Brian Rowan is a journalist/author. A former BBC correspondent in Belfast, four times he has been a category winner in the Northern Ireland Press and Broadcast Awards. He is the author of several books on the peace process. His latest book (published by Merrion Press) POLITICAL PURGATORY – the battle to save Stormont and the play for a New Ireland is now available at www.merrionpress.ie

3 Comments

  1. “The talk within the PUP is also about how loyalists become involved in the big discussions around ending paramilitarism”,

    Why is it up to others to become involved in ending paramilitarism. Ending paramilitarism is already in the hands of paramilitaries, but they hold the country to blackmail seeking concessions to end their criminal empires and somehow become ‘legitimate’ voices in a political process.

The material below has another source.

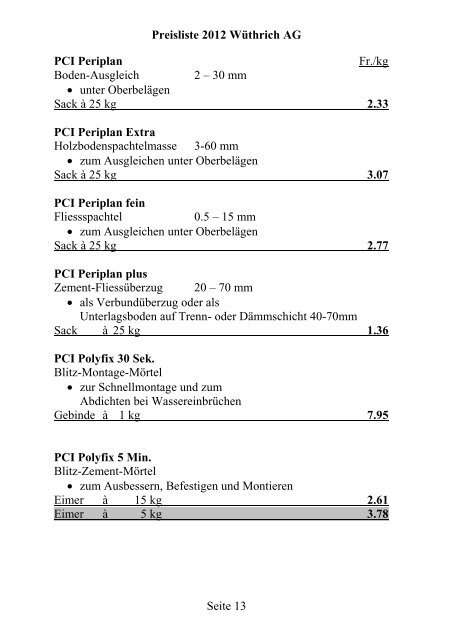 Preisliste 2012 WÃƒÂ¼thrich AG Seite 1 Portland-Zement CEM I 42.5 N ...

    I’m always struck about the contrived dissonance of Rowan et al when talking about people like Winston ‘Winkie’ Irvine as members of the PUP and therefore legitimate politicians ,while not addressing the claim in BBC Spotlight programmes and frequent newspaper reporting that Irvine is a serving member and indeed leader in the UVF -an organisation which is neck deep in criminality, extortion, drug dealing, intimidation, murder , attempted murder and much more.
    Is it not time that serious journalists such as Rowan recognised the scourge of loyalist paramilitary criminality on their own communities and faced it down in their articles rather than treating militant Loyalism as some kind of academic political debate.

    Why on earth should the UVF supporting PUP be inside the political tent when the PUP/UVF, (if the frequent and detailed media reporting is to be believed) in the shape of Winkie Irvine and others are pretending to be community workers and political activists on the one hand while on the other they direct a paramilitary criminal organisation?

    For ordinary citizens like me how Winkie Irvine managed to get unto a police and community safety partnership is a mystery and undermines the whole policing and accountability structures.
    At least SF try (and fail) to distance themselves from the PIRA butterfly, while the PUP it seems actively supports their own Praying Mantis of the UVF, while masquerading as alter boys when it suits or remain smug in their role as unapologetic murderers.